### WORK INSTRUCTION
Go through the lines below and repeat each one exactly, skipping pictures.
-------- GIVEN INFORMATION
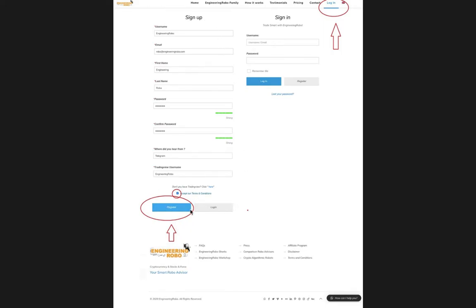Once you click 'Register,' you will be receiving an email from us to confirm your email. Once you confirm your email by clicking the link we sent you, that link will take you to our website where you have to sign in and log in.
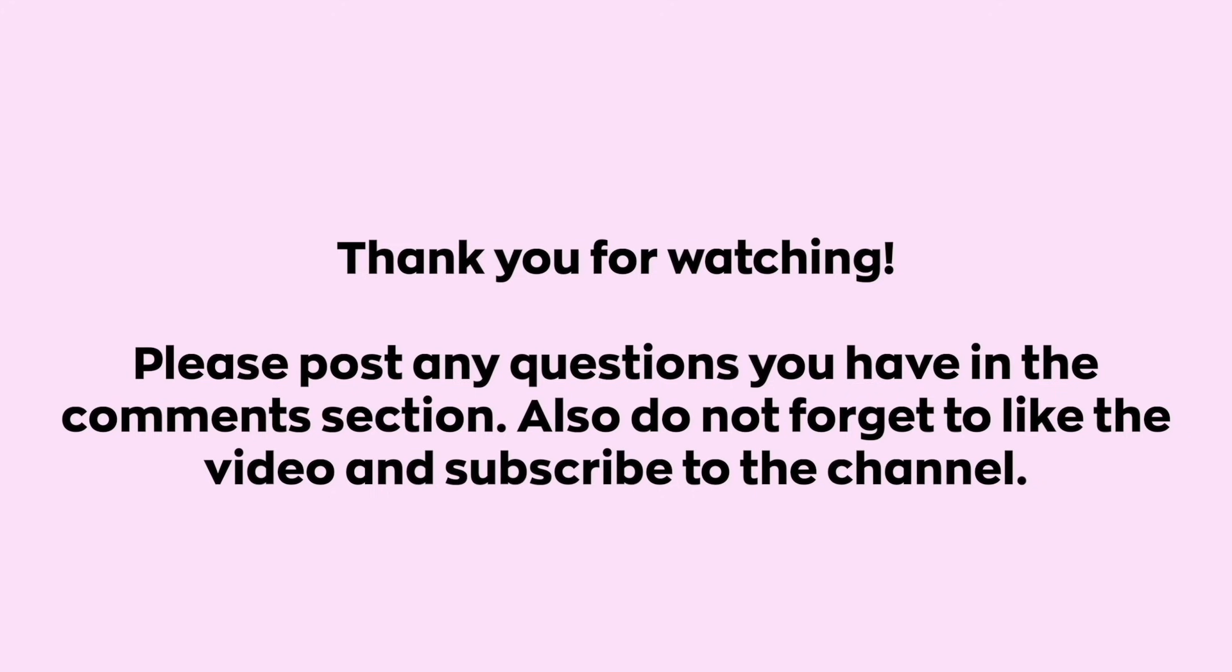Thank you for watching. Please post any questions you have in the comment section. Also do not forget to like and share the video and subscribe to the channel. To find us on Twitter, Telegram, and Facebook use the username NiftyBN. Also we post some of our trades to the community tab so do not forget to check that from time to time.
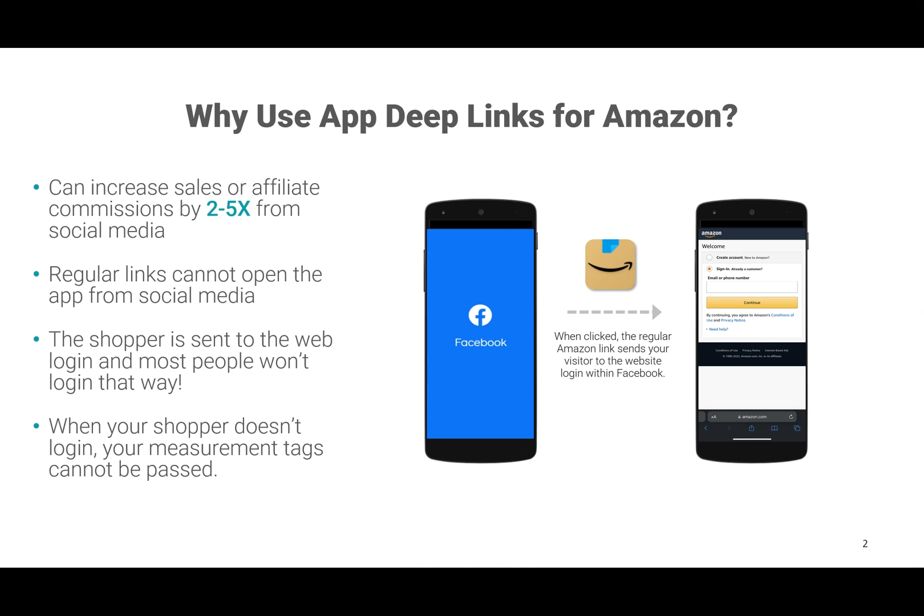You see, regular Amazon links cannot open the Amazon app from social media apps like Facebook, Instagram, and others. Instead, the shopper is sent to the web login and most people just don't want to log in that way. And when your shopper doesn't log in, your measurement tags cannot be passed to Amazon so that you get credit for the sale.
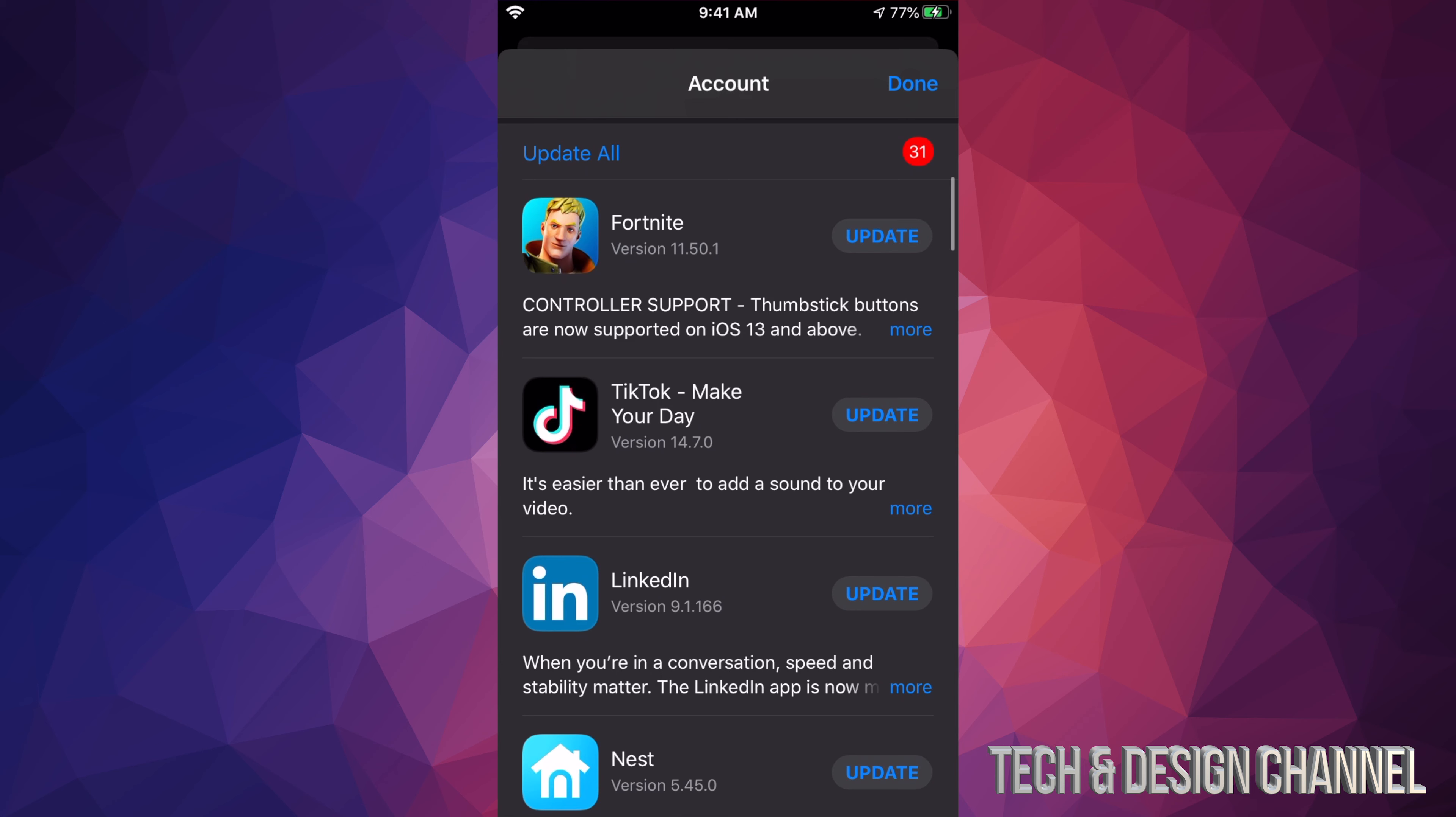Once we tap there you should see this screen. If you scroll down we will see Update All on the top left hand side, and we can go ahead and update all the apps that are needing updating right now.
----------------
### TASK RESULT
Once you click 'Register,' you will be receiving an email from us to confirm your email. Once you confirm your email by clicking the link we sent you, that link will take you to our website where you have to sign in and log in.
Thank you for watching. Please post any questions you have in the comment section. Also do not forget to like and share the video and subscribe to the channel. To find us on Twitter, Telegram, and Facebook use the username NiftyBN. Also we post some of our trades to the community tab so do not forget to check that from time to time.
You see, regular Amazon links cannot open the Amazon app from social media apps like Facebook, Instagram, and others. Instead, the shopper is sent to the web login and most people just don't want to log in that way. And when your shopper doesn't log in, your measurement tags cannot be passed to Amazon so that you get credit for the sale.
Once we tap there you should see this screen. If you scroll down we will see Update All on the top left hand side, and we can go ahead and update all the apps that are needing updating right now.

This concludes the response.